AMENDMENT NO. 1 TO SHAREHOLDERSAGREEMENT
Exhibit 4.2
AMENDMENT NO. 1 TO
SHAREHOLDERS AGREEMENT
THIS AMENDMENT AGREEMENT, dated as of February 15, 2001 by and among Rabbit Hill Holdings, Inc., a Delaware corporation (RHH), Hancock Mezzanine Partners, L.P., a Delaware limited liability company (Hancock), John Hancock Mutual Life Insurance Company, a Massachusetts life insurance corporation (JHMLIC), Caravelle Investment Fund, L.L.C., a Delaware limited liability company (Caravelle), Transportation Technologies Industries, Inc., formerly Johnstown America Industries, Inc., a Delaware corporation (TTII), Camillo M. Santomero, III, an individual residing in New York (Santomero), Transportation Investment Partners, L.L.C., a Delaware limited liability company (TIP and, together with Caravelle and Santomero, collectively, in such capacity, the CAC Purchasers) and the Individual Investors listed on Exhibit A attached hereto, who now or hereafter become signatories to this Amendment Agreement (the Individual Investors - Hancock, JHMLIC, Caravelle, TTII, Santomero, TIP, the Individual Investors and any other person now or hereafter executing this Agreement are herein collectively referred to as the Shareholders).
BACKGROUND
The parties hereto (with the exception of TIP) are all parties to a certain Shareholders Agreement dated June 3, 1999 (the Shareholders Agreement).

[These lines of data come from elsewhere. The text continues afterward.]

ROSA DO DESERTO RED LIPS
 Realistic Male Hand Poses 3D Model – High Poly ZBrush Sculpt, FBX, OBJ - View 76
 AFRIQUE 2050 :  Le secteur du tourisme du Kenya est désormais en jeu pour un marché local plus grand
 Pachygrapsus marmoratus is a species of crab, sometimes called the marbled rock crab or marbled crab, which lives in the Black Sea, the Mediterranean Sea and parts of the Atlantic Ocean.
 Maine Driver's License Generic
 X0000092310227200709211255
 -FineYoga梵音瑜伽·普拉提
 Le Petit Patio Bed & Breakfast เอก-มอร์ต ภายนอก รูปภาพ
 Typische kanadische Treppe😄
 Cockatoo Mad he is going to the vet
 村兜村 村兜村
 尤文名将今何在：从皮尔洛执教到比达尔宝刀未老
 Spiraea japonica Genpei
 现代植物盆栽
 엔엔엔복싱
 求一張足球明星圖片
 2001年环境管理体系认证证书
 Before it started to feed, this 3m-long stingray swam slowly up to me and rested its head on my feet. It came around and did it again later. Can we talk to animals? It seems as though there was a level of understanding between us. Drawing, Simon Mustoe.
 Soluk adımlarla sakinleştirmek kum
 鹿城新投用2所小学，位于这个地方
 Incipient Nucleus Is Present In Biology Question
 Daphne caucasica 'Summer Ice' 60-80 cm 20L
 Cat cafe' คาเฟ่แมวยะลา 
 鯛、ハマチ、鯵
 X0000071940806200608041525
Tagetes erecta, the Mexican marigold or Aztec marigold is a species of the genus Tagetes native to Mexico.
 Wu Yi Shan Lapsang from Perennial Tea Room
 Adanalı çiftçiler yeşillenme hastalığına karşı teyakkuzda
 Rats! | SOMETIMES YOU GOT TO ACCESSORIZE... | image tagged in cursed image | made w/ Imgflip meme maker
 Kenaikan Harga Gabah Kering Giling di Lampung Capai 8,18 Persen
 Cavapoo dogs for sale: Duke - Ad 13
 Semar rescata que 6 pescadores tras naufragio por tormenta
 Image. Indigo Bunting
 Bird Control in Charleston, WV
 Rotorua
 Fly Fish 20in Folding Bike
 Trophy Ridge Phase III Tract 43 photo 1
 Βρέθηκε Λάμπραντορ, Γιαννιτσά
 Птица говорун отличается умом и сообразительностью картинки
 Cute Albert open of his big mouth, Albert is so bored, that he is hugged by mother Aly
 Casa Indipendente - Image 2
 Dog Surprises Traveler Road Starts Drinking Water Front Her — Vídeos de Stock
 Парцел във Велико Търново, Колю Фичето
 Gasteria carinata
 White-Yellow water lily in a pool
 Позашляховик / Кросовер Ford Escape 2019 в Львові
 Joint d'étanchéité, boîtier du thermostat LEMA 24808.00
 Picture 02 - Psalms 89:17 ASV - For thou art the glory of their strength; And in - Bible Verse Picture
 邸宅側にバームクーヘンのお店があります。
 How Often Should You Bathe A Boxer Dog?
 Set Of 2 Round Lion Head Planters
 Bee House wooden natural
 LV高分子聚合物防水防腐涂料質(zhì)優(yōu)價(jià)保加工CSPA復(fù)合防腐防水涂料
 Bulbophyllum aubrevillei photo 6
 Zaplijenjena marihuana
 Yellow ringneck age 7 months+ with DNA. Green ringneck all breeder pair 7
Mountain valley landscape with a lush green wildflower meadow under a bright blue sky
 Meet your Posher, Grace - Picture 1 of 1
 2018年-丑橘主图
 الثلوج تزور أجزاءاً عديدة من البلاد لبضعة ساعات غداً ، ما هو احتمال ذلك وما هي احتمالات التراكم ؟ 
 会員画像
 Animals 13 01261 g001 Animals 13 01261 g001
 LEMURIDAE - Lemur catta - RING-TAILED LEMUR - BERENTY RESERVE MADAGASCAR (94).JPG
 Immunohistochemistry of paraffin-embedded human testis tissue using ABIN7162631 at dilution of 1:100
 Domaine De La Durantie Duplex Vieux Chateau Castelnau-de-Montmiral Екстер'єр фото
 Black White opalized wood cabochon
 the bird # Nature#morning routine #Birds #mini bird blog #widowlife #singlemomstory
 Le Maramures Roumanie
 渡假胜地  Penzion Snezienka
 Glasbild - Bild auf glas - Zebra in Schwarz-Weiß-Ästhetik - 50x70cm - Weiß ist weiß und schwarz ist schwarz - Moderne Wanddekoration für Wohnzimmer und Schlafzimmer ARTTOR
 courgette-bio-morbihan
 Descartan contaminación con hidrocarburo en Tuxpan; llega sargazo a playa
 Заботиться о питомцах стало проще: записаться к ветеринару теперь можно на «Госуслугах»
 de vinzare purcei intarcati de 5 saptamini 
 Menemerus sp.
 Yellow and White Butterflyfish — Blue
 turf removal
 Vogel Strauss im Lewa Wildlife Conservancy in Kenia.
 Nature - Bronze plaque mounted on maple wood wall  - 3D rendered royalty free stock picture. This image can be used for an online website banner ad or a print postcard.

By letter dated January 30, 2001, TTII has notified the Shareholders that it desires to Transfer 2,500 shares of Non-Voting Preferred Stock and 2,500 shares of Voting Common Stock (collectively, the TTII Shares), as required by Section 4(a) of the Shareholders Agreement. In connection with such proposed Transfer of the TTII Shares, and to clarify or amend certain other matters relating to the Shareholders Agreement, the parties hereto desire to amend, modify and supplement the Shareholders Agreement, all on the terms and conditions set forth herein.
AGREEMENTS
The parties hereto, intending to be legally bound, hereby agree as follows:
1. Section 1(a)(iii) of the Shareholders Agreement shall be amended by deleting the language found therein in its entirety, and by substituting therefor the following:
(iii) | for as long as TIP or TTII and/or any of their respective Permitted Transferees owns an aggregate of at least 1,250 shares of Common Stock (or ten percent (10%) of the number of shares of Common Stock outstanding as of the date hereof), one director shall be designated by TIP or any Permitted Transferee of TIP to which TIP shall have assigned, in writing, its rights to designate such director. |
2. Each reference in the Shareholders Agreement to JAII shall, from and after the date hereof, mean TTII (for as long as TTII is a Shareholder) and/or its Permitted Transferees; provided that for purposes of Section 1 of the Shareholders Agreement, for so long as TIP shall be entitled to designate a director pursuant to Section 1(a)(iii) of the Shareholders Agreement, all references in Section 1 to JAII shall mean TIP. Further, in Section 1(b) of the Shareholders Agreement, the reference to Thomas M. Begel as the nominee of JAII shall be deleted and replaced by Jay Bloom as the nominee of TIP.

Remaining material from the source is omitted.